No one who has been through the Secret Museum at Naples will find much difficulty in recalling a few of these heavily endowed examples to mind, and our author, in choosing Marsyae, adds a touch of sarcastic realism, for statues of Marysas were often set up in free cities, symbolical, as it were, of freedom. In such a setting as the present, they would be the very acme of propriety.

"The figures," says Gonzala de Salas, "formerly placed at fountains, and from which water took exit either from the mouth or from some other part, took their forms from the several species of Satyrs. The learned Wouweren has commented long and learnedly upon this passage, and his emendation 'veretriculis' caused me to laugh heartily. And as a matter of fact, I affirm that such a meaning is easily possible." Professor E. P. Crowell, the first American scholar to edit Petronius, gravely states in his preface that "the object of this edition is to provide for class-room use an expurgated text," and I note that he has tactfully omitted the "wineskins" from his edition.

In this connection the last sentence in the remarks of Wouweren, alluded to above, is strangely to the point. After stating his emendation of "veretriculis or veretellis" for "utriculis," he says: "Unless someone proves that images of Marsyas were fashioned in the likeness of bag-pipers," a fine instance of clarity of vision for so dark an age.

CHAPTER 40. "Drawing his hunting-knife, he plunged it fiercely into the boar's side, and some thrushes flew out of the gash."

In the winter of 1895 a dinner was given in a New York studio. This dinner, locally known as the "Girl in the Pie Dinner," was based upon Petronius, Martial, and the thirteenth book of Athenaeus. In the summer of 1919, I had the questionable pleasure of interviewing the chef-caterer who got it up, and he was, at the time, engaged in trying to work out another masterpiece to be given in California. The studio, one of the most luxurious in the world, was transformed for the occasion into a veritable rose grotto, the statuary was Pompeian, and here and there artistic posters were seen which were nothing if not reminiscent of Boulevard Clichy and Montmartre in the palmiest days. Four negro banjo players and as many jubilee singers titillated the jaded senses of the guests in a manner achieved by the infamous saxophone syncopating jazz of the Barbary Coast of our times. The dinner was over. The four and one half bottles of champagne allotted to each Silenus had been consumed, and a well-defined atmosphere of bored satiety had begun to settle down when suddenly the old-fashioned lullaby "Four and Twenty Blackbirds" broke forth from the banjoists and singers.
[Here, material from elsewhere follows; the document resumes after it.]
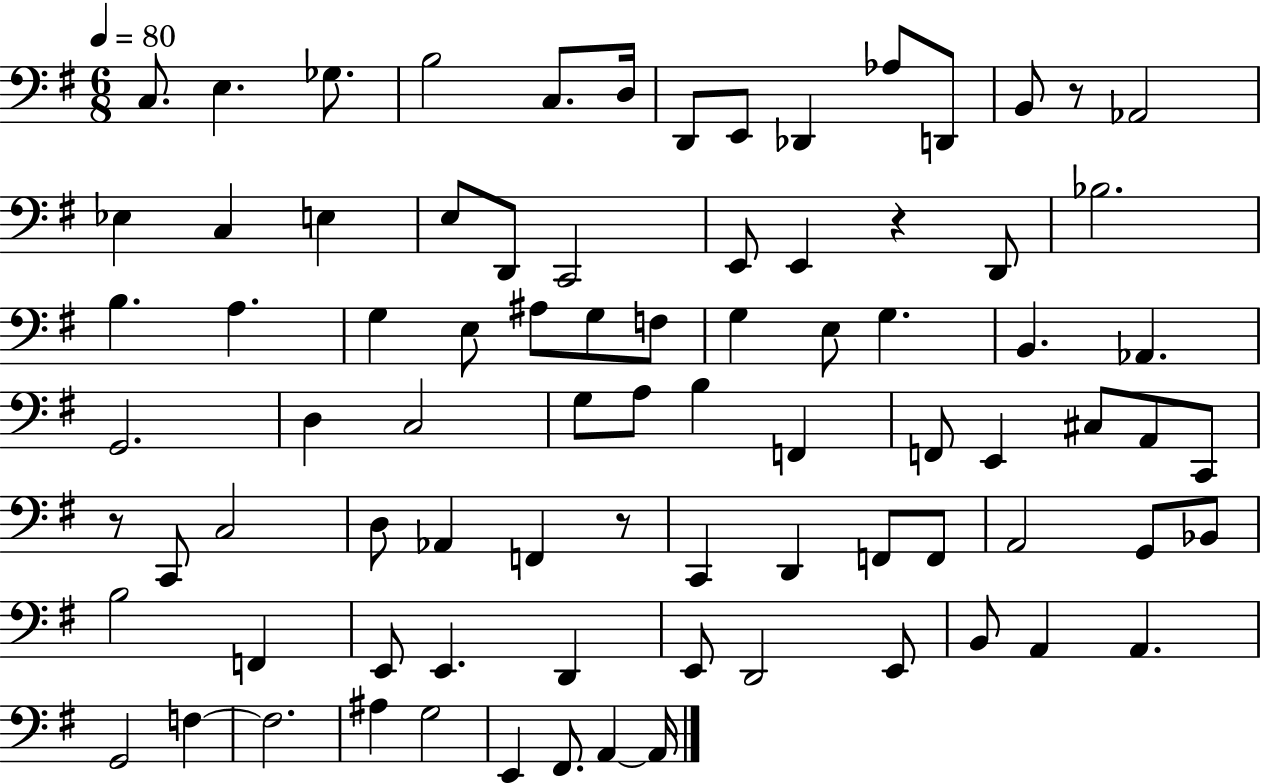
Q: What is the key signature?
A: G major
Four waiters came in bearing a surprisingly monstrous object, something that resembled an impossibly large pie. They, placed it carefully in the center of the table. The negro chorus swelled louder and louder—"Four and Twenty Blackbirds Baked in a Pie."

The diners, startled into curiosity and then into interest, began to poke their noses against this gigantic creation of the baker. In it they detected a movement not unlike a chick's feeble pecking against the shell of an egg. A quicker movement and the crust ruptured at the top.

A flash of black gauze and delicate flesh showed within. A cloud of frightened yellow canaries flew out and perched on the picture frames and even on the heads and shoulders of the guests.

But the lodestone which drew and held the eyes of all the revellers was an exquisitely slender, girlish figure amid the broken crust of the pie. The figure was draped with spangled black gauze, through which the girl's marble white limbs gleamed like ivory seen through gauze of gossamer transparency. She rose from her crouching posture like a wood nymph startled by a satyr, glanced from one side to the other, and stepped timidly forth to the table.